Aelis designer Sofia Crociani has toyed with the idea of memory and time this season, adding vintage elements to her collection with a slightly darker base.
Antique lace, jewelry and crystals from her personal collection have been replaced with a personal touch, and Crociani has worked once again with air-light mousseline and tulle for sherbet sheer gowns. hers.
Stronger, sculptures are made of satin, such as a small dark purple dress that wraps around the body in a large swaddle. Another coat is a white coat, embellished with lace and crystals, topped with a pair of classic Levi’s Red Tab cropped boots. The surprising combination of duchesse and denim is intended to evoke memories of the pre-90s social media, grunge and Kurt Cobain.
“It’s a small homage,” Crociani told WWD. “It was a moment when something very extraordinary was happening, a freedom [that] feel special. It’s tragically but also liberating. The structure of haute couture needs a bit of freedom. Some models also go barefoot in the accompanying film to add another layer of comfort, around artist Gabriele Dal Dosso’s light installations.

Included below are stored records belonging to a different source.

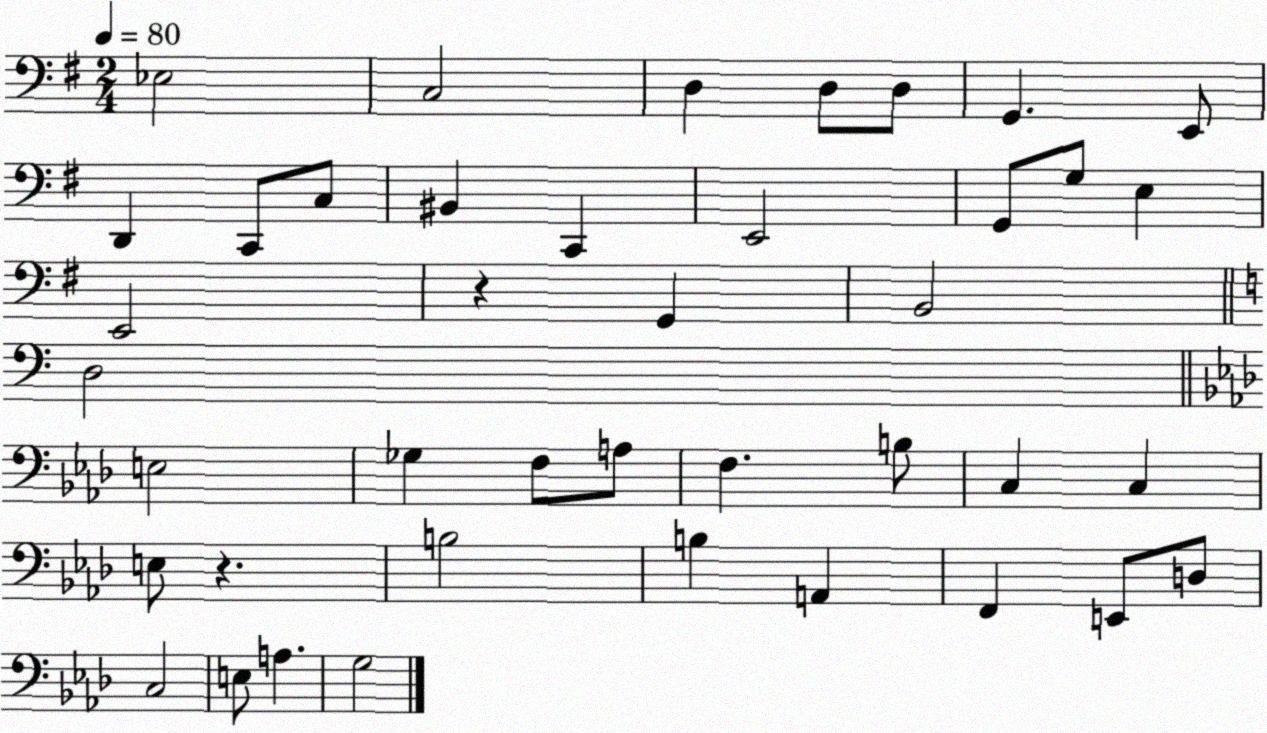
X:1
T:Untitled
M:2/4
L:1/4
K:G
_E,2 C,2 D, D,/2 D,/2 G,, E,,/2 D,, C,,/2 C,/2 ^B,, C,, E,,2 G,,/2 G,/2 E, E,,2 z G,, B,,2 D,2 E,2 _G, F,/2 A,/2 F, B,/2 C, C, E,/2 z B,2 B, A,, F,, E,,/2 D,/2 C,2 E,/2 A, G,2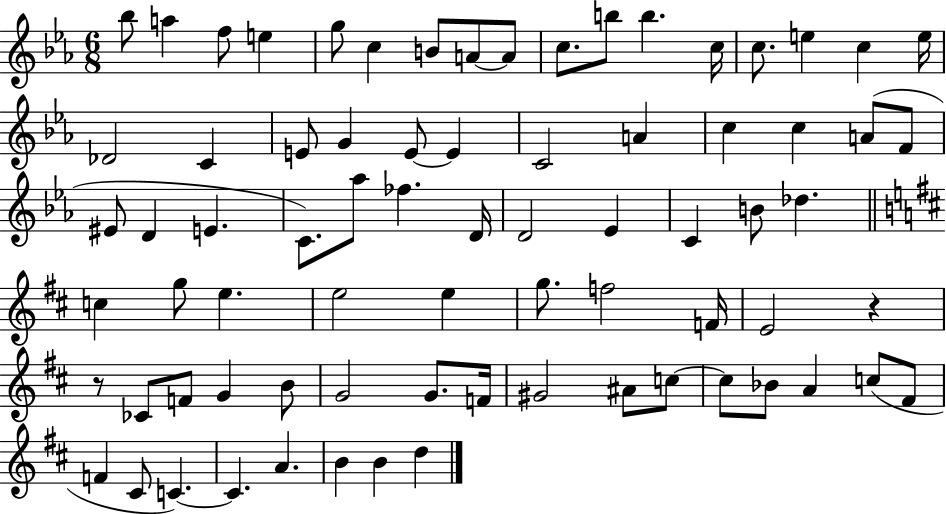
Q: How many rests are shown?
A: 2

Using 30 year old jeans is a sign of sustainability and she doesn’t shy away from her eco ethos, sourcing from Italian and Japanese factories can provide traceability sustainable supply chain roots. This sensibility, she says, appeals to her younger clientele, who are more environmentally conscious.
Crociani said of this house: “We are going very fast in this society but we like to go slow. How slow? An ethereal slick dress topped with humanely sourced feathers took two years to collect by hand.